MAPPS contacted Kurk to discuss concerns on the impact of private sector aerial surveys. Kurk’s issue was never with aerial data collection, but rather the use of drones by law enforcement for surveillance or to fire a weapon. Because of the MAPPS outreach and education, Kurk filed a substitute to his own bill that narrowed its applicability solely to drones and would no longer affect manned helicopter or fixed-wing aircraft platforms or satellite remote sensing.

This is just one example of a bill threatening commercial use of drones by our industry; there are many throughout the other 29 state legislatures, and this does not even begin to touch the issues being addressed in Congress. One needs to look at only the filibuster by U.S. senator Rand Paul (R-KY) on March 6 to understand that while the senator was focused on weaponized drones, during this 12-hour talk-a-thon he discussed the general collection of data from the air.

“For decades, U.S. courts have allowed law enforcement to conduct aerial surveillance without a warrant. This is part of that sort of open spaces [sic] doctrine. I am not saying it makes it right but that the government has been doing it for decades. Some of the courts apparently have ruled that what a person does in the open—even behind a backyard fence—can be seen by a passing airplane and is not protected by privacy laws.

I don’t think I agree with that. If a person is swimming in their pool in their backyard or in the hot tub, just because we have the technology to be able to see them in their hot tub, does that mean they have a right to look at what people are doing in their backyard? I don’t accept that. I think it has been abused and we should be fighting against this surveillance state.”

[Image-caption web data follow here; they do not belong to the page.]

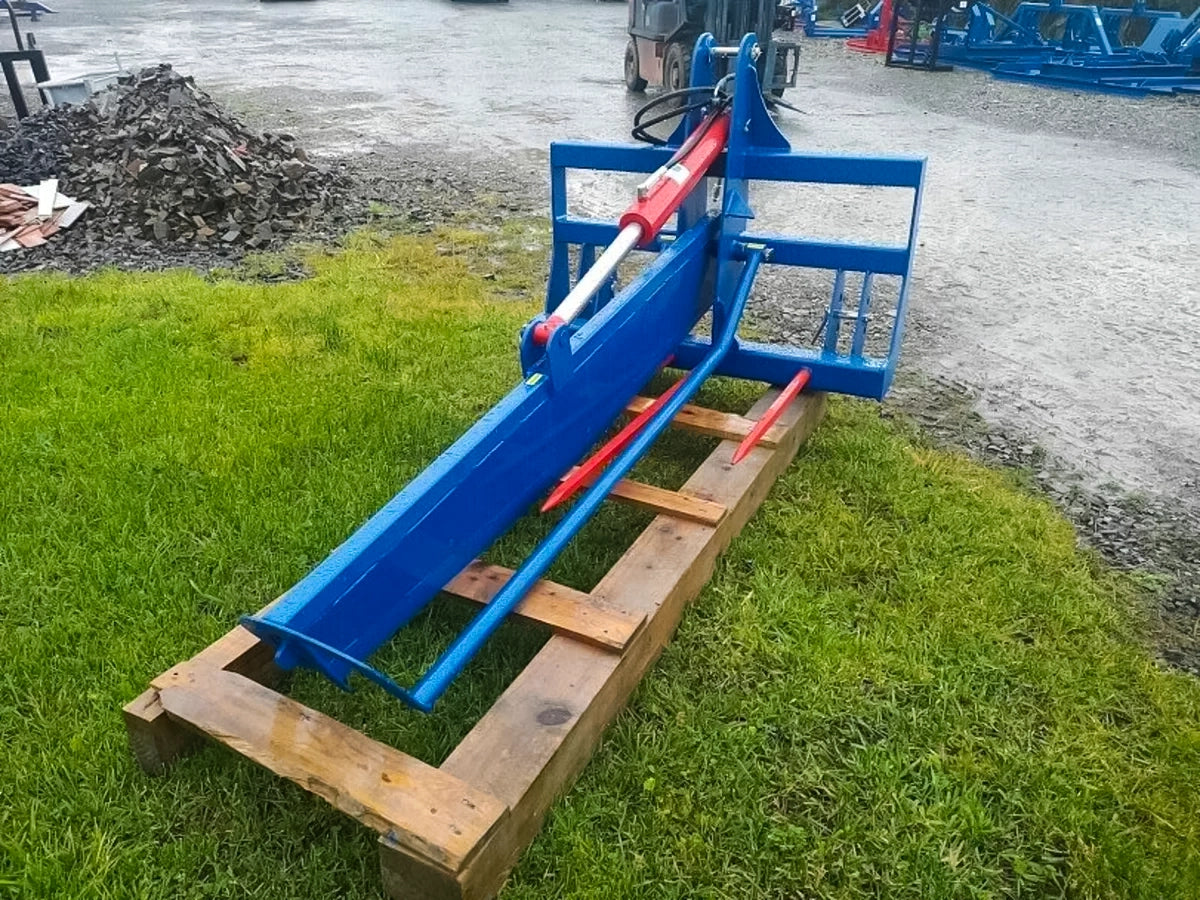 Dowd Engineering Bale Splitter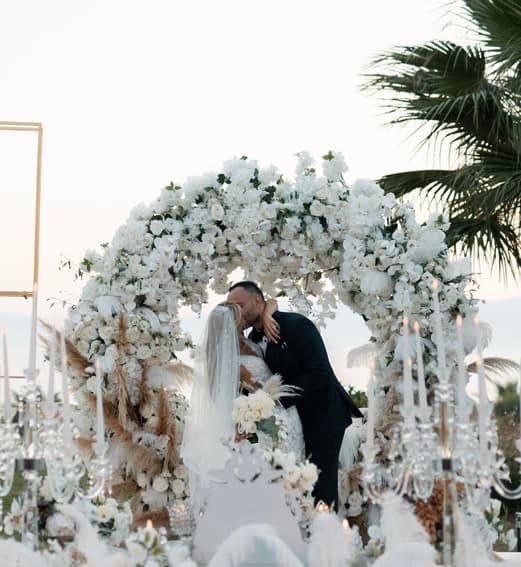 A Glamorous Summer Wedding in Çeşme, Turkey 32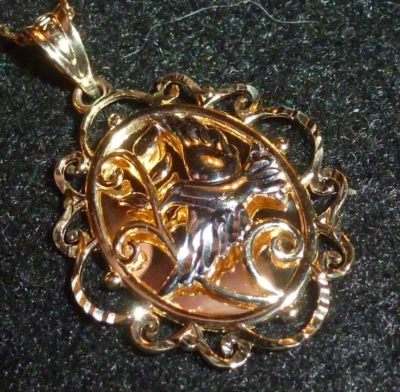 COLGANTE "PALOMA VOLADORA DE FE" CON INSCRIPCIÓN EN ORO MACIZO DE 10K Y COLLAR DE ORO DE 10K - 1,78 G Foto 1 de 4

What Senator Paul suggests is revisiting a question in a 1986 Supreme Court ruling (Dow Chemical Company v. United Sates, 476 U.S. 227) in which the Environmental Protection Agency (EPA) employed a commercial aerial photography firm, using a standard precision aerial mapping camera, to take photographs of a facility from various altitudes to monitor suspected pollution, without the EPA first obtaining a court warrant to conduct the “search.” The court held “that the taking of aerial photographs of an industrial plant complex from navigable airspace is not a search prohibited by the Fourth Amendment.”

The court determined that “EPA was not employing some unique sensory device that, for example, could penetrate the walls of buildings and record conversations in Dow’s plants, offices, or laboratories, but rather a conventional, albeit precise, commercial camera commonly used in mapmaking.”

To date, only public entities such as police, governmental agencies, or universities have been issued a certificate of authorization to operate an unmanned aerial system. However, other issues may arise when FAA permits the commercial use of UAS in the United States.

What firms (that operate fixed-wing or helicopter-based sensors, and geospatial professionals who rely on aerial imagery) need to consider is that legislators are not likely to exempt or more narrowly focus their legislation if they do not understand the traditional and legitimate aerial survey business. They tend to take a broad brush and use sweeping reform to address a perceived problem.

At the MAPPS Federal Program Conference in Washington, DC on March 12-13, principals of private-sector firms met with their members of Congress. MAPPS members presented lawmakers a “Sense of the Congress” resolution to express an understanding or sense that “geospatial data is derived from images and data collected from a variety of airborne and spaceborne platforms, as well as other mobile and terrestrial-based acquisition systems” and is “essential to commercial and governmental activities, the collection, storage and use of which can and should continue to be permitted and encouraged for the benefit of the citizens of the United States.”

MAPPS continues to be engaged with the FAA to advocate for the private geospatial community’s lawful participation in commercial aerial acquisition activities using UAVs, while educating elected officials at all levels of government as well as the public on the economic benefits geospatial products and services provide for public health, safety, and welfare, as well as economic development.